**Entries taken from a collection**

● ● ● ● ● ● ●

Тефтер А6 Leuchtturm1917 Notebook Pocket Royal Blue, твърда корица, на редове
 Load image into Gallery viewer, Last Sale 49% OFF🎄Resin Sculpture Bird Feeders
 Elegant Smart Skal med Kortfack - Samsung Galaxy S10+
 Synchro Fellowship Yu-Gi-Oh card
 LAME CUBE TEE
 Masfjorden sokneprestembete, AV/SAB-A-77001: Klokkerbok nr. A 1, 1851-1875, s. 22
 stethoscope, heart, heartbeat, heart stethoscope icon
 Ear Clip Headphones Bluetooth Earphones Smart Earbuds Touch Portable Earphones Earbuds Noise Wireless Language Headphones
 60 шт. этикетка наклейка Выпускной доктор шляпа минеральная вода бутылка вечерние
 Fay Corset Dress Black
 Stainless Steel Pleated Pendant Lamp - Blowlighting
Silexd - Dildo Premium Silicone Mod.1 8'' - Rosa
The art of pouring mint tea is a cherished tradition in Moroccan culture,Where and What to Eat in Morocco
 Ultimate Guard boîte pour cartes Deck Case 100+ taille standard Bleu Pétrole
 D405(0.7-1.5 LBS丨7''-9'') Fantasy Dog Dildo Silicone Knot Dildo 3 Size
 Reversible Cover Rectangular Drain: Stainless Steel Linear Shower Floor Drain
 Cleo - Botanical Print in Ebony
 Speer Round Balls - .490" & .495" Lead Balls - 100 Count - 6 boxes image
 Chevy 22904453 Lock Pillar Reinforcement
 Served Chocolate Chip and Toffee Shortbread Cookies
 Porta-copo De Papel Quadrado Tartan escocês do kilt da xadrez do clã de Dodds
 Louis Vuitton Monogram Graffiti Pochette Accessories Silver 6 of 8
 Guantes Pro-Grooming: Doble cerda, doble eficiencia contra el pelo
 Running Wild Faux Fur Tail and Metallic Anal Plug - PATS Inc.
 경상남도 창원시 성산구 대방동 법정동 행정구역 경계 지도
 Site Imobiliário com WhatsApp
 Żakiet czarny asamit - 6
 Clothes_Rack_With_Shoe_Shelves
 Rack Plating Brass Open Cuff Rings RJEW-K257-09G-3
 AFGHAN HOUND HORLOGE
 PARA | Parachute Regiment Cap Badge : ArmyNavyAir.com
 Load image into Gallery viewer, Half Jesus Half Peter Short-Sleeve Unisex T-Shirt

● ● ● ● ● ● ●

**PROBLEM TO SOLVE**
Lines holding "Smart": copy each one from the records above.

**RESPONSE FOR THIS EXERCISE**
 Elegant Smart Skal med Kortfack - Samsung Galaxy S10+
 Ear Clip Headphones Bluetooth Earphones Smart Earbuds Touch Portable Earphones Earbuds Noise Wireless Language Headphones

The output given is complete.